Wir sind doch keine Kontra-, sondern eine Pro-Bewegung

  • Lesedauer: 7 Min.

Was hat Sie bewogen, sich für die Komitees für Gerechtigkeit zu engagieren? Sie hätten sich doch zurückziehen und sagen können: Ich habe das Meine getan. Jetzt bin ich nicht mehr gefragt, jetzt werde ich nicht mehr gebraucht. Warum also?

Es ist der Widerspruch zwischen den Grundrechten der Bundesbürger und dem täglichen Leben in den ostdeutschen Ländern. Im Grundgesetz heißt es: Niemand darf wegen seines Geschlechts, seiner Abstammung, seiner Rasse, seiner Heimat, seiner Herkunft, seines Glaubens, seiner religiösen oder politischen Anschauungen benachteiligt oder bevorzugt werden. Im Leben aber vollzieht sich eine Ausgrenzung von Hunderttausenden. Das geht bis zu einer modernen Form der Berufsverbote. Dieser Widerspruch und die Tatsache, daß wir im Bereich der Politik, der Wirtschaft, der Kultur,, des Gesundheitswesens, auf allen Gebieten also, Prozesse erleben, die zu Lasten der Menschen gehen - da war es für mich zwingend, mich zu Wort zu melden.

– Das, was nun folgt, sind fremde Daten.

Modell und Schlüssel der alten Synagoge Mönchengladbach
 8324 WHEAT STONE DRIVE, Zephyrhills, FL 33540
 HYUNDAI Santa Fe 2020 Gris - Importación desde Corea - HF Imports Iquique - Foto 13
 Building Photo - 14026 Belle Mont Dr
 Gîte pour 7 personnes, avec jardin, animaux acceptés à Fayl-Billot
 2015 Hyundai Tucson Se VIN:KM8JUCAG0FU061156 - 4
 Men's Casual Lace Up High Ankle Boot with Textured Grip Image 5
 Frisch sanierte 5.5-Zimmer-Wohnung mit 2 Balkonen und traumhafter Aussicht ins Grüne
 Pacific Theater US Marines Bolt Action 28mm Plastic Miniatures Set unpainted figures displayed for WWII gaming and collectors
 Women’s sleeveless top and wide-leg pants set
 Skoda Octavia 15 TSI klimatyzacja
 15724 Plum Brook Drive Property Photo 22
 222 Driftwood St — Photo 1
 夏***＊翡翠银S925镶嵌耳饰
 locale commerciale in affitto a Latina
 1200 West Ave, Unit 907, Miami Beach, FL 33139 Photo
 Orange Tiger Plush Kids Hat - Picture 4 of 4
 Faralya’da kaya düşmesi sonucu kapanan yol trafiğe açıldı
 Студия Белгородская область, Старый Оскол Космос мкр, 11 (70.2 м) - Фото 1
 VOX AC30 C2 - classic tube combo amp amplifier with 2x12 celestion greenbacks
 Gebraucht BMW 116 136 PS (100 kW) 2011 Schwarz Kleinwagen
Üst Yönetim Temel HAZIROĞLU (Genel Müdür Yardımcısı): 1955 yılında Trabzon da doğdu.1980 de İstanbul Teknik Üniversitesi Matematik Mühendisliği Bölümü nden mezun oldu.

Millionen Menschen in Ostdeutschland sind arbeitslos, Frauen sind ganz besonders betroffen. Wer trägt die Verantwortung dafür? Das kann man nicht mehr allein der Kommandowirtschaft anlasten. Die Menschen in Ostdeutschland haben Werte geschaffen. Wie selbstherrlich wird darüber hinweggegangen! Wissenschaft und Forschung werden abgewickelt, namhafte Wissenschaftler und Forscher mit Berufsverbot belegt oder in die Stasi-Ecke gedrängt. Das alles hat mit dem Grundgesetz nichts mehr zu tun, oder man muß das Grundgesetz ändern.

Ich sehe das auch in Zusammenhang mit meinen Funktionen, die ich während und nach der Wende hatte. Ich stand als Präsident der Volkskammer in der Wendezeit in Verantwortung und war Abgeordneter des ersten und letzten freigewählten Parlaments der DDR. Das, was wir für das einheitliche Deutschland auf den Weg gebracht haben, war auch gegenüber den

Wählern anders motiviert. Es besteht also bis zum heutigen Tag auch ein Widerspruch zwischen dem, was ich vertreten wollte und was sich im Leben vollzieht. Natürlich diskutiere ich die positiven Aspekte der deutschen Einheit nicht weg - zum Beispiel die Freizügigkeit für die Menschen. Wer ausreichend Geld hat, kann Weltreisen unternehmen, kann im Konsumbereich alle Bedürfnisse befriedigen. Das sind schon gravierende Unterschiede zur Mangelwirtschaft in der DDR.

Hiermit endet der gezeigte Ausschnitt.